There are groups which, because of their draw, will provide a renown team a quick, potentially unfair (in light of the other groups) exit; a death, if you will. On Wednesday, we saw it with Spain, and now we’ve seen it with England, a team that has the quality to get out of five other groups. Two ex-champions, among the world’s most popular teams, are probably going home before the knockout round, given a premature departure because of the depth of their groups.

Instead of acknowledging a single Group of Death, maybe we need to be more liberal with the label. With Chile, the Netherlands, and Spain, Group B was a Group of Death, ending the reign of one of international soccer’s most dominant teams. And Group D, featuring three teams that have final eight quality, will likely send England home before the tournament’s first cut.

As much as England’s tournament is about its shortcomings, it’s also about an extremely tough draw.

source: AP
England’s Wayne Rooney scored his first World Cup goal, but for the second straight match, he and his team fell, 2-1. (AP Photo/Kirsty Wigglesworth)

2. … so let’s not be too brazen about England’s failings – What have we learned over the Three Lions’ 180 minutes in Brazil? That they’re not as good as Italy? We already suspected that. Italy showed its quality at Euro 2012. To the extent England can compete against Italy, it’s more about matchups (fast attackers against a slow defense) than the overall quality of the squads.

Did we learn that England’s not as good as Uruguay? Before the tournament started, that was less certain, but La Celeste are reigning South American champions. They also made the semifinals on at South Africa 2010, a depth England hasn’t reached in 24 years. If England’s not up to Uruguay’s standard, it’s certainly nothing to worry about.

Alas, England fans will worry, and it’s hard to blame them.

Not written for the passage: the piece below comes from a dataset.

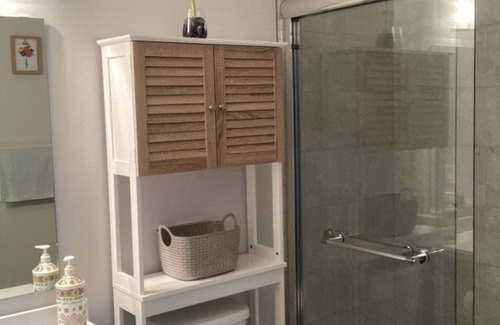 Guelph Condo | Private Room and Washroom in Guelph South End.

The final result just wasn’t good enough, but when you consider the strength of the Three Lions’ group and the stage this team’s at in its development, the result’s nothing to worry about.

Not only was England competitive against good squads, but better days are ahead for a still maturing core.

3. Can’t say enough about Suárez – Rightfully, people are criticizing the English defense. When a team gives up four goals in two games, some post-mortem is required. Maybe Hodgson should have brought John Terry out of retirement, picked Ashley Cole, and sided with cohesion by playing a mostly Chelsea back line?

To the extent England’s defense failed, it was in moments, not spans. Perhaps the familiarity of three Chelsea players would have solved the problem (even though it didn’t seem to help Phil Jagielka and Leighton Baines).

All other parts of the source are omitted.